Walking the Line

“The human mind… operates by association. With one item in its grasp, it snaps instantly to the next that is suggested by the association of thoughts in accordance with some intricate web of trails carried by the cells of the brain.” –Vannevar Bush from “As We May Think”

Introduction

            In the introduction to his book Hyper/text/theory, George P. Landow, one of the leading hypertext theorists, said that both poststructuralist print literature and hypertext grew “out of a dissatisfaction with the related phenomena of the printed book and hierarchical thought” (1). Similar to Dadaism, which rose from a post-WWI culture, postmodern literature developed in the post-WWII era, a response to Modernism and the Age of Enlightenment, a move towards existentialism, and a general frustration in developing original ideas—a feeling that everything had already been written. What postmodern authors sought to achieve was something new, to close the subjective gap between reader and author, and play with elements such as point of view, structure, and plot-driven narrative. They were expressing, as Heidegger says, “what beings as a whole are” (83). According to Raymond Federman, author of postmodern fiction and criticism, the postmodern text aspires to “denounce the language that continues to perpetuate lies and illusion” (Clavier 44).

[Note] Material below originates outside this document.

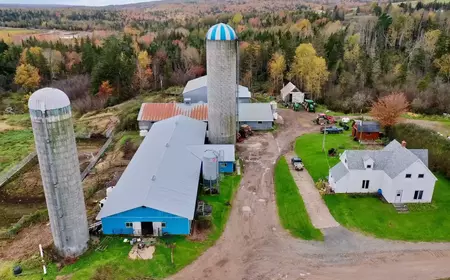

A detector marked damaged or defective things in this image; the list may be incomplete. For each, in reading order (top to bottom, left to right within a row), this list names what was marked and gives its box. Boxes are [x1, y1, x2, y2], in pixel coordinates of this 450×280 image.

rusty corrugated roof [138, 102, 208, 121]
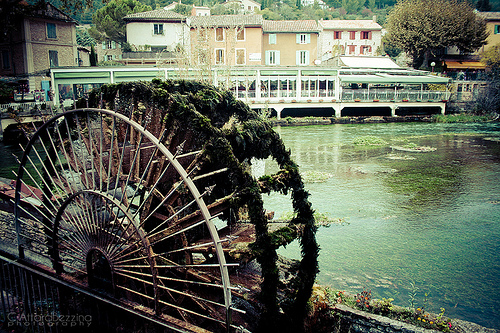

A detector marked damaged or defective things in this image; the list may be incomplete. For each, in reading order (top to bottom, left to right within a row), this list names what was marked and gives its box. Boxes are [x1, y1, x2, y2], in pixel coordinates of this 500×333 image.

rusty metal wheel [12, 108, 237, 330]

In the introduction to Hyper/text/theory, Landow also states that:

Hypertext, an information technology consisting of individual blocks to text, or lexias, and the electronic links that join them, has much in common with recent literary and critical theory. For example, like much recent work by poststructuralists, such as Roland Barthes and Jacques Derrida, hypertext reconceives conventional, long-held assumptions about authors and readers and the texts they write and read. (1).

He also asserts that, “The very idea of hypertextuality seems to have taken form at approximately the same time that poststructuralism developed” (1). In “The End of Books”, Robert Coover, a postmodern author himself, says that “Most poststructuralists write from within the twilight of a wished-for coming day; most writers of hypertext write of many of the same things from within the dawn” (707). So although electronic texts are those composed for and to be read in an electronic medium, they share many techniques with postmodern print texts, often nonlinear, and both, as Landow says, reconceive these assumptions of authors and readers.